El 17 de enero fue enviado a la prisión de la Isla de Ré donde estuvo por un mes, con derecho a ver a su mujer dos veces por semana en una enorme sala, cada uno en un extremo de una igualmente larga mesa, con el director de la cárcel como testigo. El 21 de febrero partió hacia Guyana en el buque Ville-de-Saint-Nazare con el que llegó, después de una dura travesía, el 12 de marzo. Después de un mes en la Isla Real, el 14 de abril fue transferido a la Isla del Diablo: era el único habitante, junto a sus guardias. Lo metieron en una casilla de piedra de cuatro metros bajo unas condiciones de vida muy duras. El 6 de septiembre de 1896, ante el rumor de una eventual fuga, que por otra parte era imposible de concebir, lo colocaron en calidad de “doble encierro”, una tortura que lo obligaba a permanecer la mayor parte del día en la cama, con los tobillos y las muñecas amarradas.

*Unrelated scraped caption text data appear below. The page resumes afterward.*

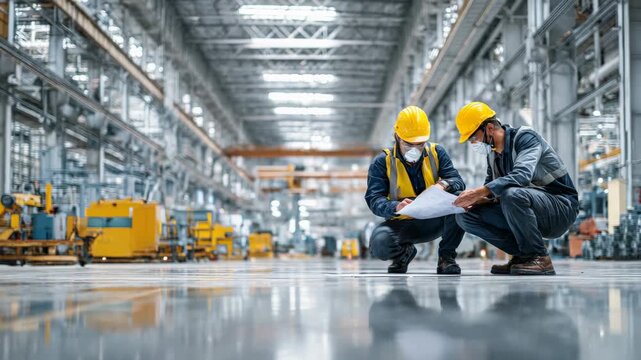 Manufacturing engineers wearing hard hats, safety vests collaborating near industrial machinery, analyzing blueprint plans with concentrated attention in contemporary production facility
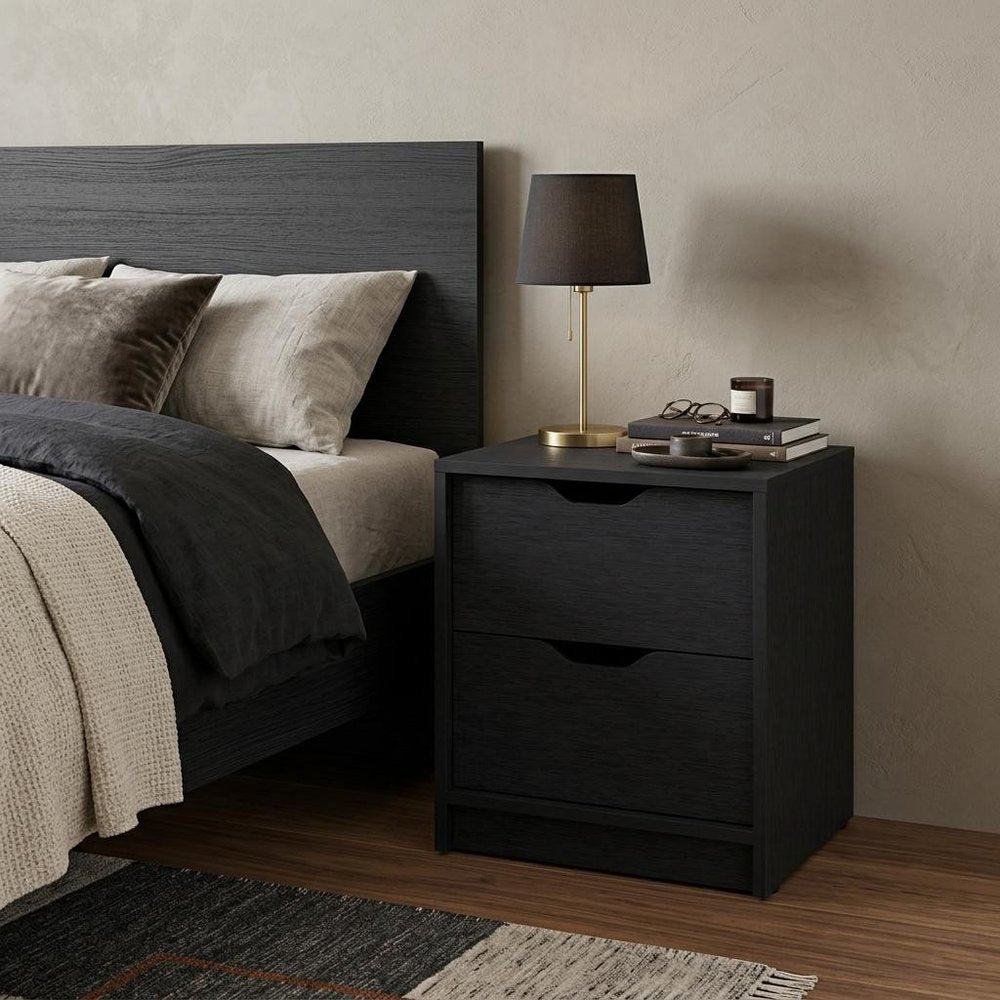 19" White Wood Two Drawer Nightstand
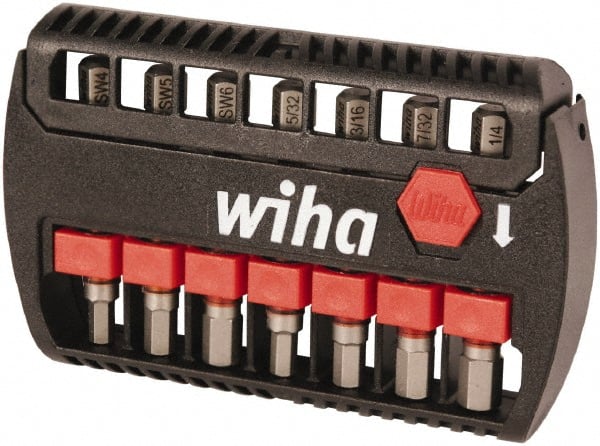 Wiha - 7 Piece, Bit Set - 5/32 to 1/4", 4 to 6mm Hex, Hex Point - Exact Tooling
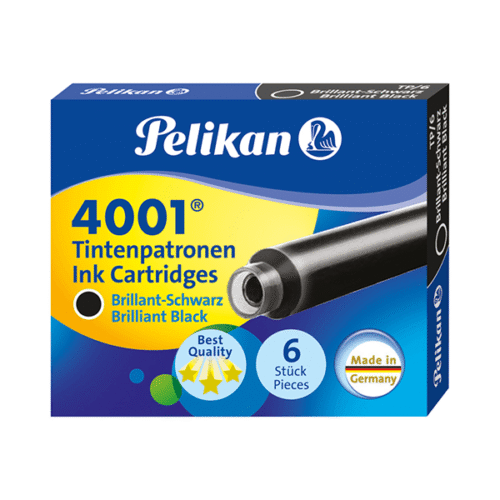 Patroane cerneala 4001 Pelikan negru, 6 buc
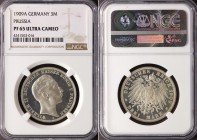 Germany - Empire Prussia 3 Mark 1909 A PROOF NGC PF 65 ULTRA CAMEO
KM# 527, J. 103 ; Silver; Wilhelm II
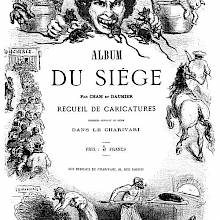 Title page of Album du siège showing a man eating rats and other scenes depicting famine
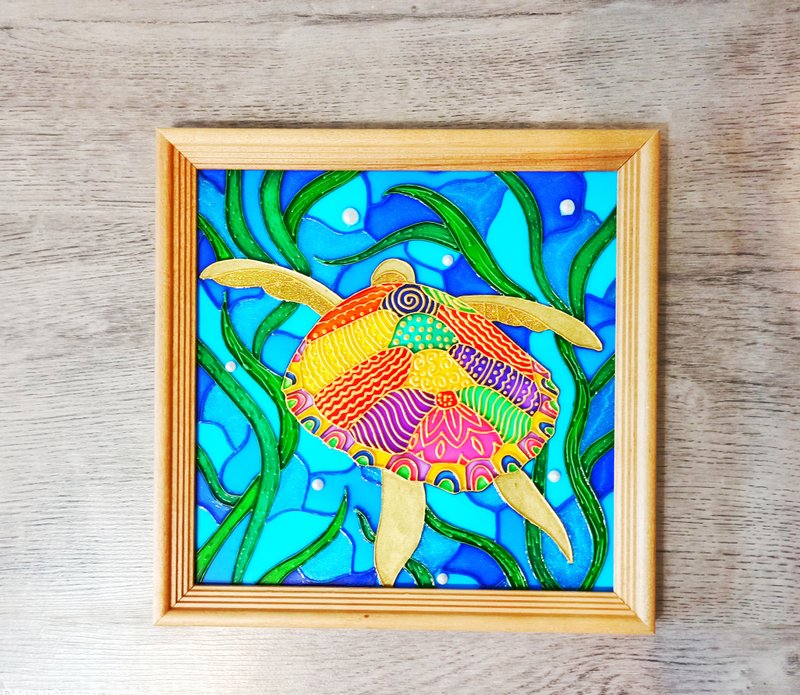 彩色玻璃画彩虹龟挂墙艺术海洋生活家居装饰 - 墙贴/壁贴 - 玻璃 蓝色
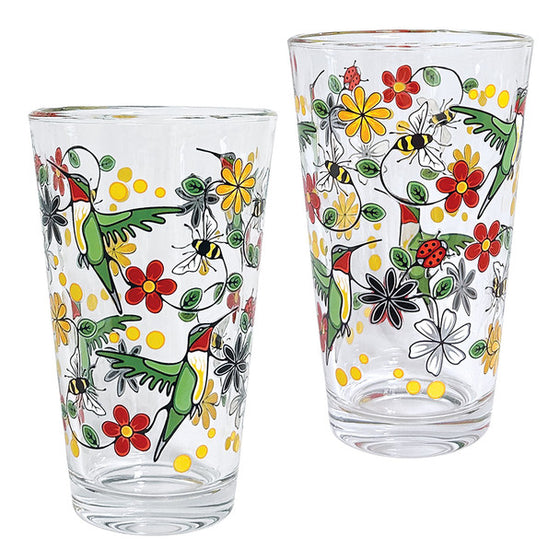 Printed Glass Tumblers - Hummingbird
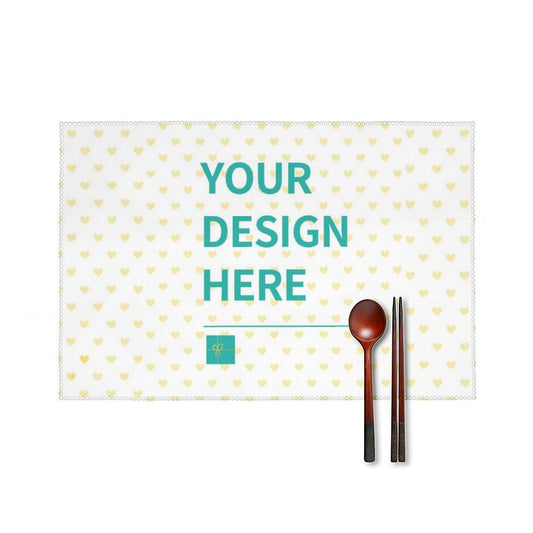 Customizable placemat with heart pattern, wooden spoon and chopsticks; Personalized kitchen table decor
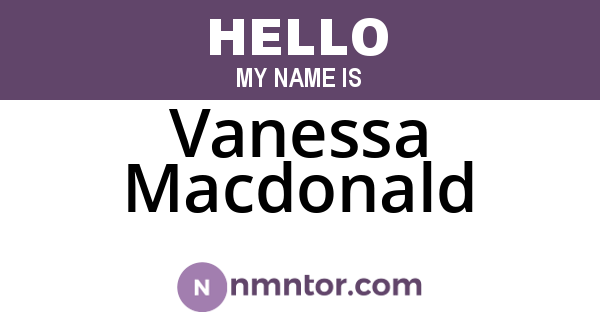 Vanessa Macdonald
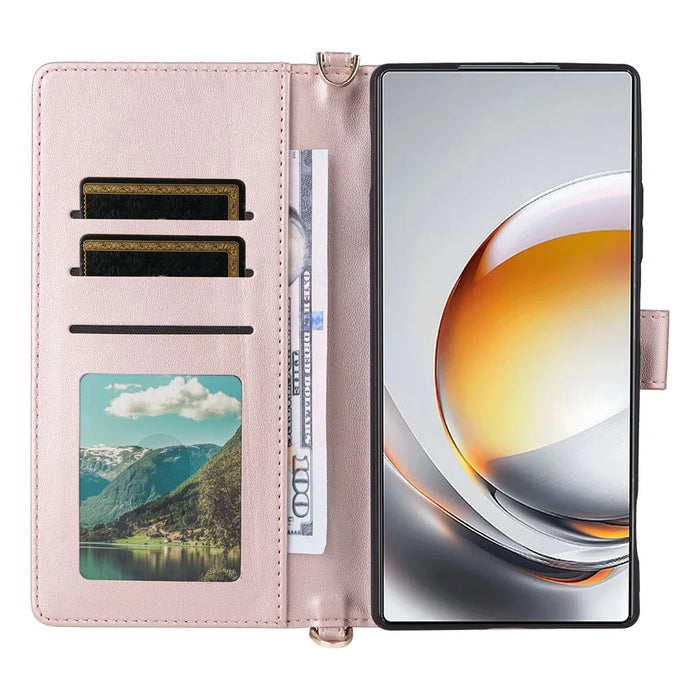 For ZTE nubia Z80 Ultra 5G Leather Case Stand Wallet Phone Cover with Shoulder / Wrist Strap - Pink - 3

La rehabilitación de Dreyfus llevaría años y es otra historia. A ella contribuyeron su familia, parte de la prensa no antisemita, la prensa de izquierda y antimilitarista, el gran escritor y periodista Emile Zola y la buena suerte. De nuevo, en nombre del azar, intervino madame Bastian. En marzo de 1896 encontró en la papelera de Von Schwarzkoppen una nueva nota entre el diplomático espía alemán y su contacto en el ejército francés: era el comandante Esterhazy. El jefe del espionaje francés era ahora el coronel Georges Picquart, que comparó la caligrafía con los viejos documentos para dar con el culpable. Esterhazy tenía incluso un móvil para vender secretos militares: estaba cercado por las deudas y se había visto envuelto en algunas estafas. Picquart habló con sus superiores sobre la necesidad de reveer el caso Dreyfus y juzgar al verdadero responsable. Le ordenaron olvidarlo todo, y luego lo trasladaron al norte de África. Antes de su viaje forzado, Picquart confió su secreto al periodista Bernard Lazare que editó en Bruselas el primer folleto favorable a preso de la Isla del Diablo.
Al mismo tiempo, el hermano de Dreyfus, Mathieu, llegó a interesar al presidente de Francia, Félix Fauré: así creció en Francia una campaña que hizo imprescindible la revisión del caso Dreyfus. Como la llevaba adelante la prensa de izquierda, la sociedad se partió en dos y se hizo más violenta la ola antisemita que sacudía a la opinión pública. El culpable Esterhazy llegó a ir a juicio, acusado de espionaje: fue absuelto. El 13 de enero de 1898, en vísperas del tercer aniversario de la degradación de Dreyfus. Emile Zola publicó en la portada del periódico L’Aurore un artículo de cuatro mil quinientas palabras, en forma de carta abierta dirigida al presidente Fauré. Llevaba un título que pasaría a la historia: “J’accuse” (¡Yo acuso!), en el que ponía en claro quiénes habían sido los responsables de aquella injusticia. Lo condenaron por difamación a un año de cárcel y a una multa de siete mil quinientos francos que pagó su amigo, el escritor Octave Mirbeau. Zola se exilió en Londres y regresó a París recién en 1899, cuando por fin se revisó el caso y hubo un nuevo juicio. En ese nuevo proceso, Dreyfus volvió a ser condenado, esta vez “con circunstancias atenuantes”. Rechazó de nuevo el fallo judicial hasta que, diez días después, agotado, con la salud quebrada por cuatro años de prisión en el infierno, aceptó el indulto del ahora presidente de Francia, Émile Loubet. El verdadero culpable, el comandante Esterhazy, ante la posibilidad de un nuevo juicio, huyó a Londres al amparo de sus fieles camaradas. Allí murió, el 21 de mayo de 1923.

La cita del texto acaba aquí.